Le sujet est vaste, on s’en doute, et comment l’aborder? La question initiale que se pose Barilier est la suivante: «Ce que nous voulons savoir d’abord et surtout, c’est si l’exil a infléchi leur création, s’il l’a tarie ou stimulée.» Quelques lignes plus loin, il met toutefois en doute la pertinence de son propos en citant les réponses de Schönberg et de Stravinsky à un journaliste du Los Angeles Times qui, en 1950, leur demandait si l’exil les avait changés; tous deux répondent par la négative. Si l’on s’en tient à ces déclarations des «deux plus grands compositeurs bannis du XXe siècle, […] on pourrait mettre un point final à ce livre avant de l’avoir commencé» écrit non sans ironie Barilier. Et d’ajouter qu’on n’est pas obligé de les croire sur parole: à son avis, et quand bien même ils s’en défendent, l’exil a joué dans leur œuvre un rôle fondamental. Lequel? Avouons que, pour ces deux compositeurs, nous sommes resté sur notre faim.

Dans le deuxième chapitre, l’auteur évoque quelques musiciens des XVIIe et XVIIIe siècles (Lully, Haendel, …) dont on ne peut guère affirmer que l’exil ait eu une influence déterminante sur leur art: «Si Lully fut un exilé au sens littéral du terme (privé de son sol natal), il ne le fut donc nullement au sens moderne, affectif et douloureux que nous donnons à ce mot»; ce sont en quelque sorte des musiciens de l’«exil heureux». Passant au XIXe siècle, l’auteur consacre un chapitre fort intéressant à Chopin, premier compositeur qui «vit l’exil comme une souffrance». Mais si cette souffrance habite plusieurs de ses œuvres, «comment prouver que c’est parce que leur auteur se sentait chassé du paradis polonais?» Le jeune Chopin «remuait des pensées de mort avant d’apprendre la chute de Varsovie», ce qui fait dire à Barilier que «sa douleur n’était pas, et ne sera jamais exclusivement celle de l’exilé».

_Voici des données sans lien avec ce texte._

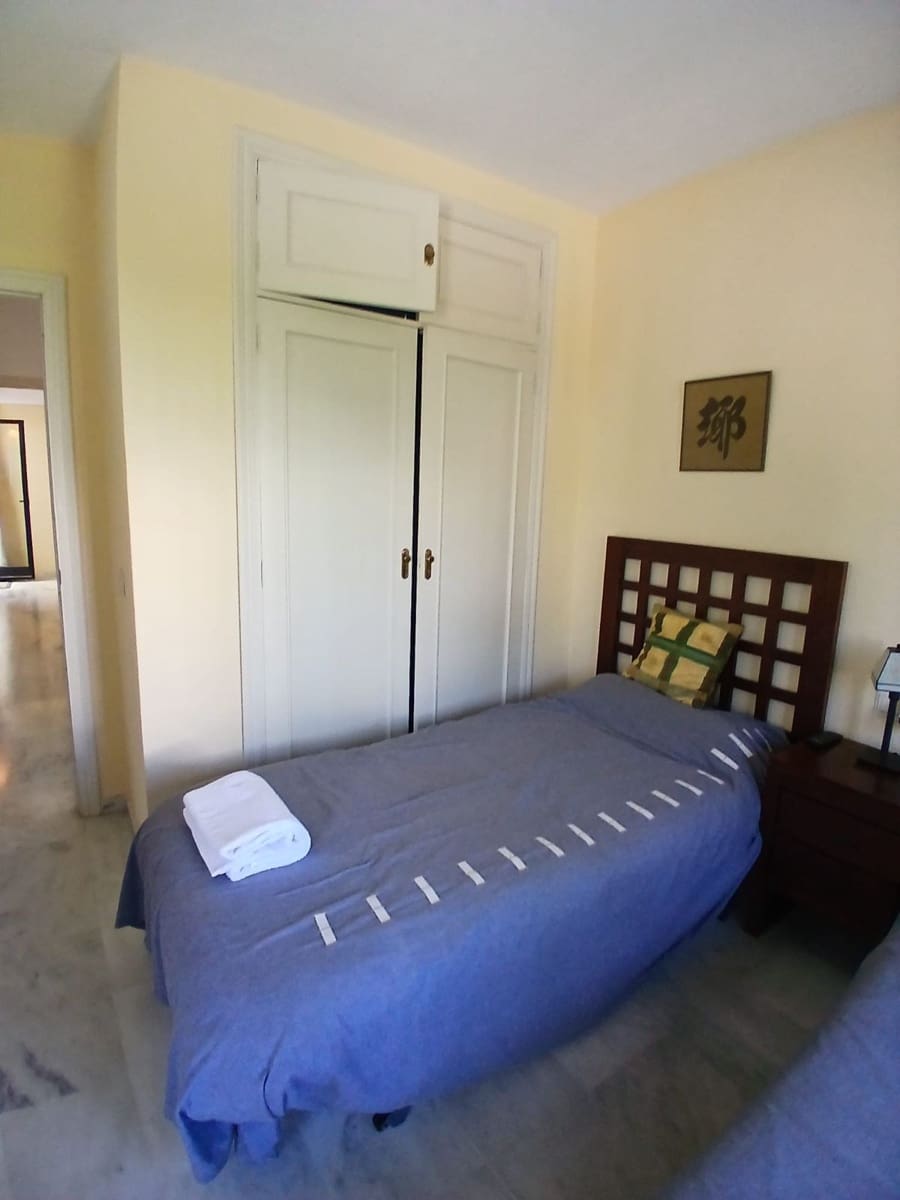3 soverom Hus til leie i Bel-Air med svømmebasseng garasje - € 2 500 (Ref: 10156860)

C’est la première moitié du XXe siècle qui constitue l’essentiel du livre de l’auteur; en effet, avec l’avènement des totalitarismes, un nombre impressionnant de compositeurs ont fui leur pays pour échapper tout simplement (si l’on ose écrire ainsi!) à la mort. Mais Barilier, comme nous l’avons écrit plus haut, n’oublie pas d’évoquer aussi ces musiciens qui, pour diverses raisons, sont restés dans leur pays et ont souffert d’un «exil intérieur», pas forcément moins douloureux, et dont Chostakovitch est d’une certaine manière le parangon.

Parvenu à la fin du livre, le lecteur ne peut qu’admirer l’érudition musicale de l’auteur qui ne se contente pas de parler des compositeurs exilés les plus connus (Schönberg, Stravinsky, Rachmaninov,…), mais consacre également plusieurs pages à quelques oubliés de l’histoire de la musique, comme Ernst Toch ou Vsevolod Zaderatski, pour ne citer que ces deux noms.

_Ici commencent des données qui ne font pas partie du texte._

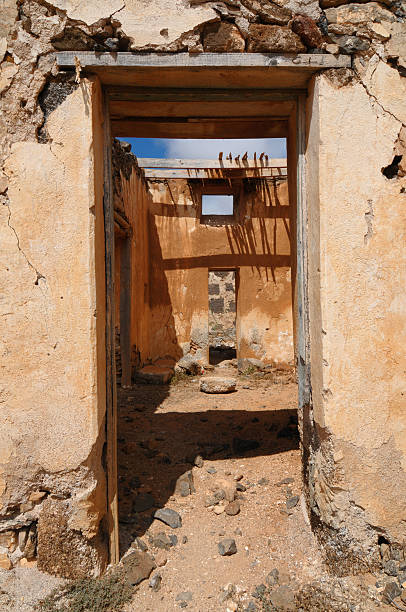 istock Abandoned house in the desert 177716140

Au début du dernier chapitre, Barilier revient à la question centrale du livre: y a-t-il une musique de l’exil? Pour lui, la réponse est affirmative. Le problème, c’est qu’il y a une telle variété de styles dans la musique des compositeurs cités qu’il est impossible de parler d’une musique de l’exil. En revanche, et c’est sous cette forme que la question doit se poser (comme l’auteur l’a du reste plus justement formulée au début de l’ouvrage, cf. notre deuxième paragraphe), l’exil a bel et bien infléchi leur création, en la stimulant (Chostakovitch, qui a affirmé que même si on lui coupait les deux mains, il continuerait à composer…), la tarissant (Rachmaninov, qui n’écrira qu’à peine un sixième de son œuvre après avoir quitté la Russie), en la renouvelant (Kurt Weill, changeant complètement de style après son arrivée aux Etats-Unis).

Malgré ces petites réserves, ce livre de plus de deux cents pages au format de poche fourmille de réflexions pertinentes et ne peut manquer d’intéresser les mélomanes.

Référence: Etienne Barilier, Exil et musique. Editions Fayard/Mirare, 2018.